(RAW DATA Opens)
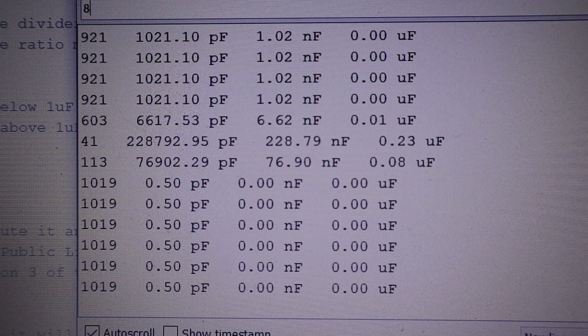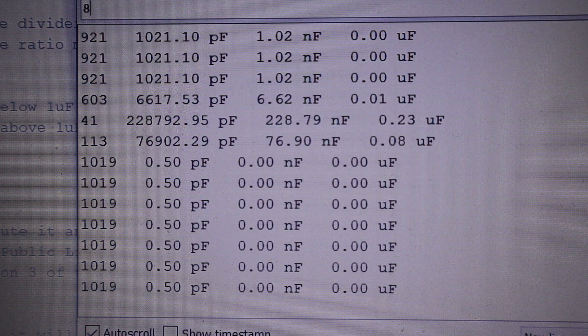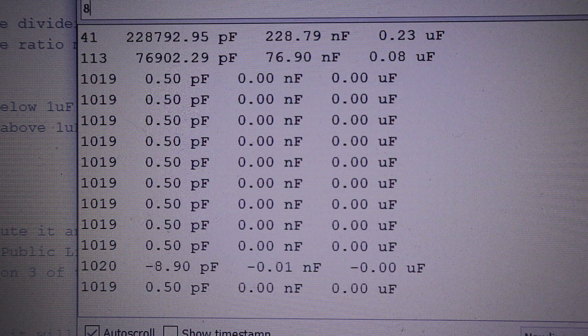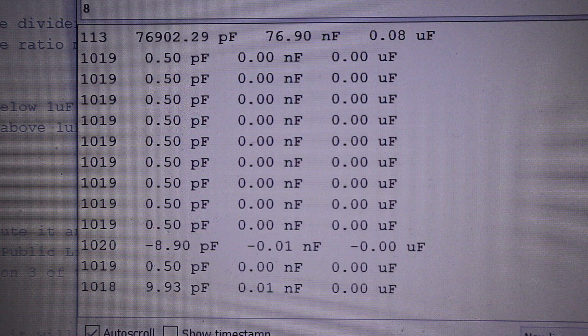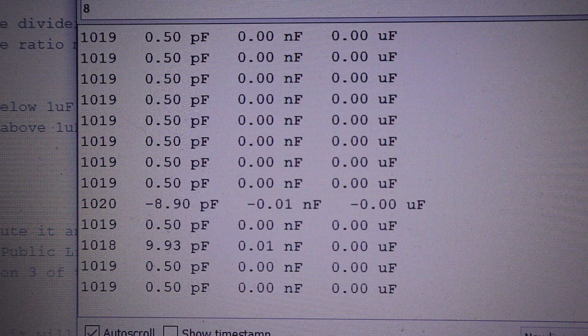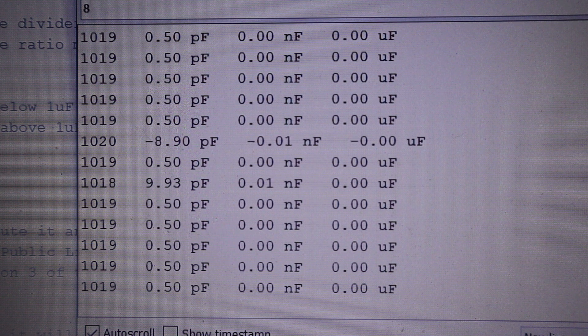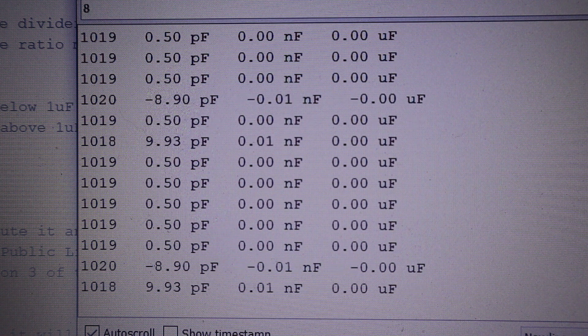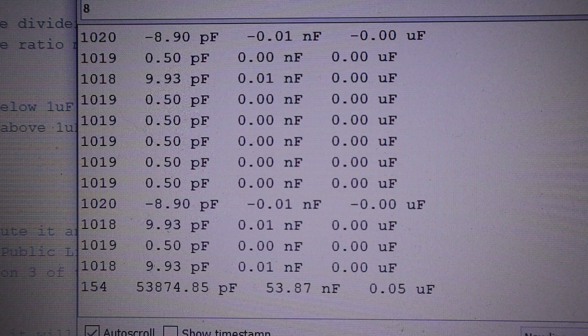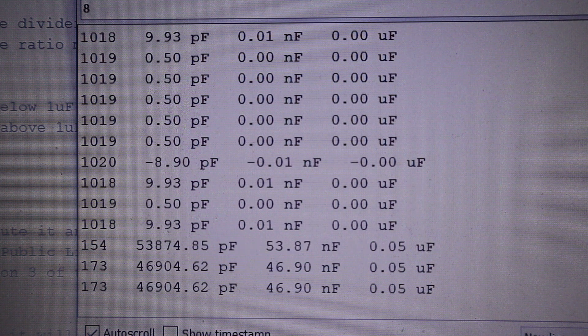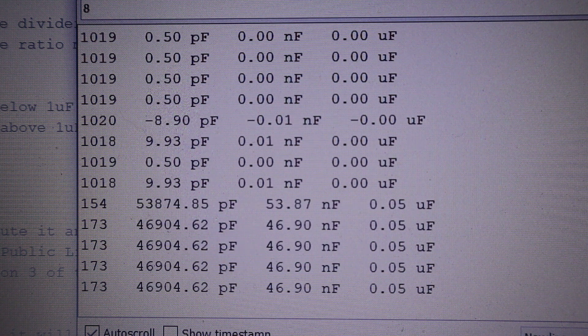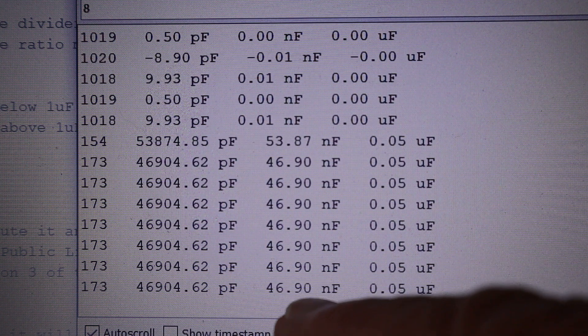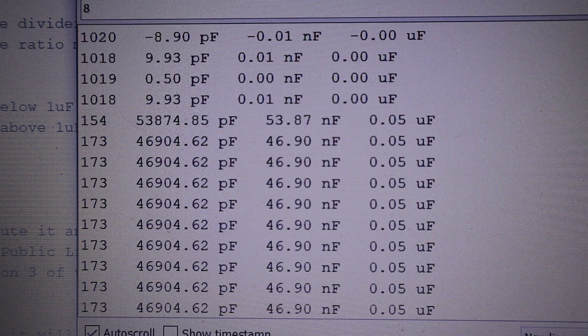The next capacitor has a color code of yellow purple orange, which is 47 nanofarads. When we connect it, you'll see that we're getting a reading of 47 nanofarads.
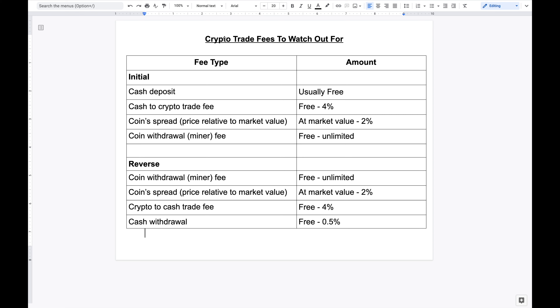In this video I'm going to talk about crypto trade fees to watch out for. I'm making this video because I've seen people post about how certain exchanges have zero percent trade fees, or that depositing onto their exchange is free, or that they have free miner fees. At the end of the day these platforms are businesses, so something might be free but there are other fees that make up for it. The whole purpose of this video is to help you better understand the fees associated with trading crypto.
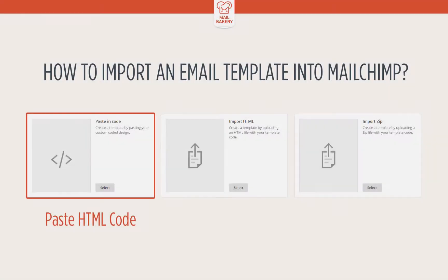Hey guys! In this short video I will show you the easiest way to import an email template into MailChimp. Basically there are three ways to do it.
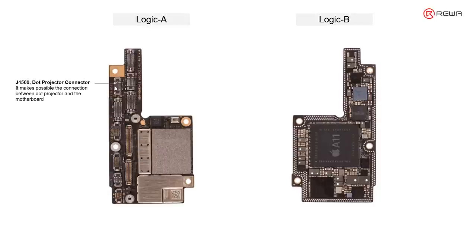J4500, dot projector connector, makes possible the connection between the dot projector and the motherboard.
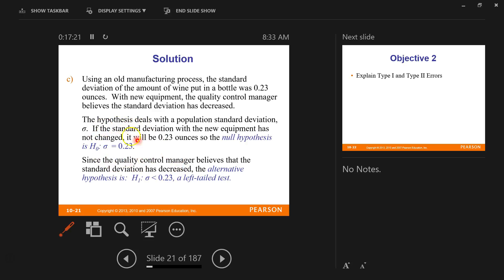It's very important to remember: in the null hypothesis we're only working with three things in this class — population proportion, population mean, or standard deviation. When you're reading word problems, it's easy to get lost. Begin by focusing on whether they're talking about means, proportions, or standard deviations. The null hypothesis is always an equal statement based on what has always been — the boring hypothesis, what everyone assumes to be true. The alternative is the radical new idea, the guess you're trying to find evidence to support.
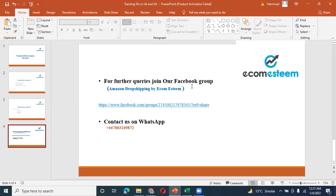You can join our group for further help. The procedure can be completed within 10-15 minutes. Thank you.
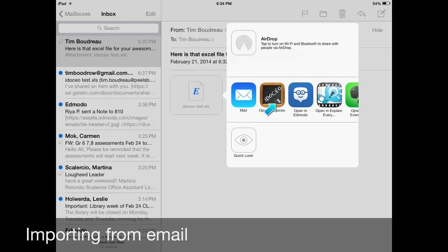It'll automatically open up the iDoceo app and ask you if you want to create a new class or append to class. So it's the same as before. Just click on create new class. So that's pretty much all it is. That's how you create new classes in iDoceo.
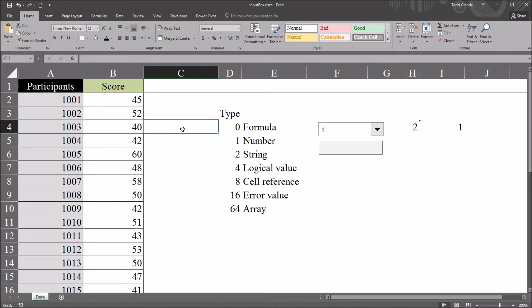Hello, this is Dr. Grande. Welcome to my video on using the Input Box with Excel VBA.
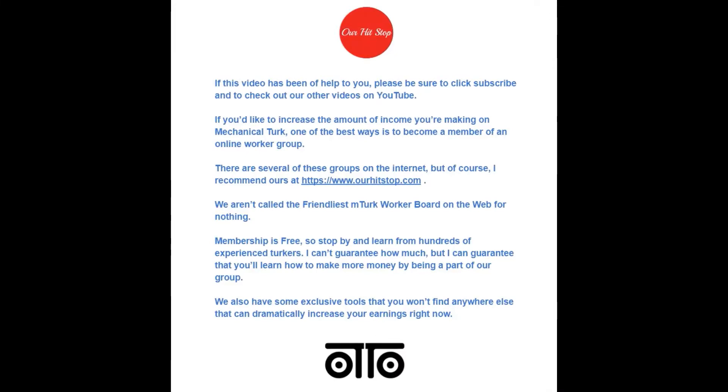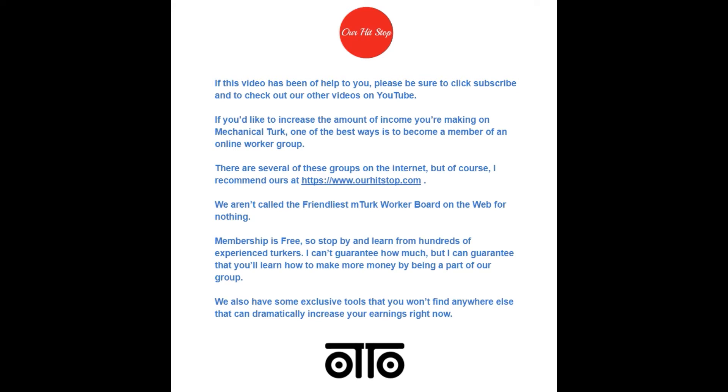If this video has been of help to you, please be sure to click subscribe and to check out our other videos on YouTube. If you'd like to increase the amount of income you're making on Mechanical Turk, one of the best ways is to become a member of an online worker group. There are several of these groups on the internet, but of course, I recommend ours at ourhitstop.com. We aren't called the friendliest M-Turk worker board on the web for nothing. Membership is free, so stop by and learn from hundreds of experienced Turkers. I can't guarantee how much, but I can guarantee that you'll learn how to make more money by being a part of our group. We also have some exclusive tools that you won't find anywhere else that can dramatically increase your earnings now.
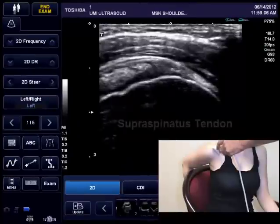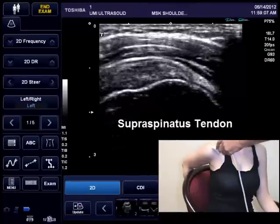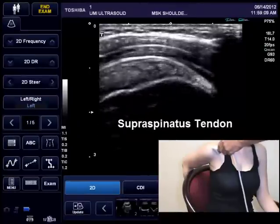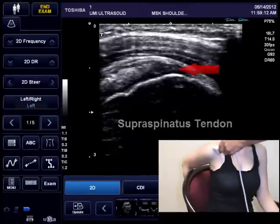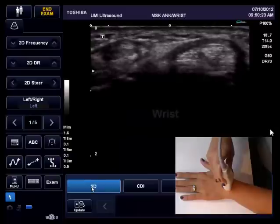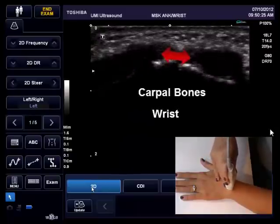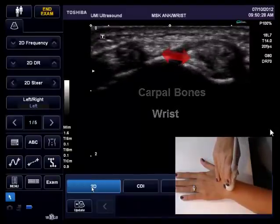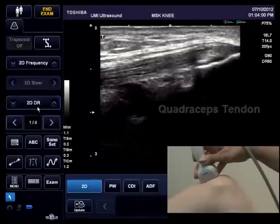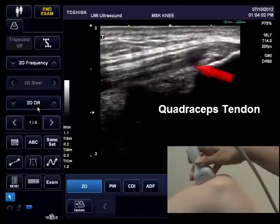Anisotropy is a directionally dependent imaging artifact that occurs when the ultrasound beam is not perpendicular to the structure being examined. This video has examples of the anisotropy artifacts seen while imaging the supraspinatus tendon, the carpal bones, joints, and extensor tendons of the wrist, and the quadriceps tendon of the knee.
(RAW DATA Closes)
Each entry above should be printed again word for word, with any picture dropped.

■ **RESULT OF THE TASK**:
The next capacitor has a color code of yellow purple orange, which is 47 nanofarads. When we connect it, you'll see that we're getting a reading of 47 nanofarads.
In this video I'm going to talk about crypto trade fees to watch out for. I'm making this video because I've seen people post about how certain exchanges have zero percent trade fees, or that depositing onto their exchange is free, or that they have free miner fees. At the end of the day these platforms are businesses, so something might be free but there are other fees that make up for it. The whole purpose of this video is to help you better understand the fees associated with trading crypto.
Hey guys! In this short video I will show you the easiest way to import an email template into MailChimp. Basically there are three ways to do it.
J4500, dot projector connector, makes possible the connection between the dot projector and the motherboard.
It's very important to remember: in the null hypothesis we're only working with three things in this class — population proportion, population mean, or standard deviation. When you're reading word problems, it's easy to get lost. Begin by focusing on whether they're talking about means, proportions, or standard deviations. The null hypothesis is always an equal statement based on what has always been — the boring hypothesis, what everyone assumes to be true. The alternative is the radical new idea, the guess you're trying to find evidence to support.
You can join our group for further help. The procedure can be completed within 10-15 minutes. Thank you.
It'll automatically open up the iDoceo app and ask you if you want to create a new class or append to class. So it's the same as before. Just click on create new class. So that's pretty much all it is. That's how you create new classes in iDoceo.
Hello, this is Dr. Grande. Welcome to my video on using the Input Box with Excel VBA.
If this video has been of help to you, please be sure to click subscribe and to check out our other videos on YouTube. If you'd like to increase the amount of income you're making on Mechanical Turk, one of the best ways is to become a member of an online worker group. There are several of these groups on the internet, but of course, I recommend ours at ourhitstop.com. We aren't called the friendliest M-Turk worker board on the web for nothing. Membership is free, so stop by and learn from hundreds of experienced Turkers. I can't guarantee how much, but I can guarantee that you'll learn how to make more money by being a part of our group. We also have some exclusive tools that you won't find anywhere else that can dramatically increase your earnings now.
Anisotropy is a directionally dependent imaging artifact that occurs when the ultrasound beam is not perpendicular to the structure being examined. This video has examples of the anisotropy artifacts seen while imaging the supraspinatus tendon, the carpal bones, joints, and extensor tendons of the wrist, and the quadriceps tendon of the knee.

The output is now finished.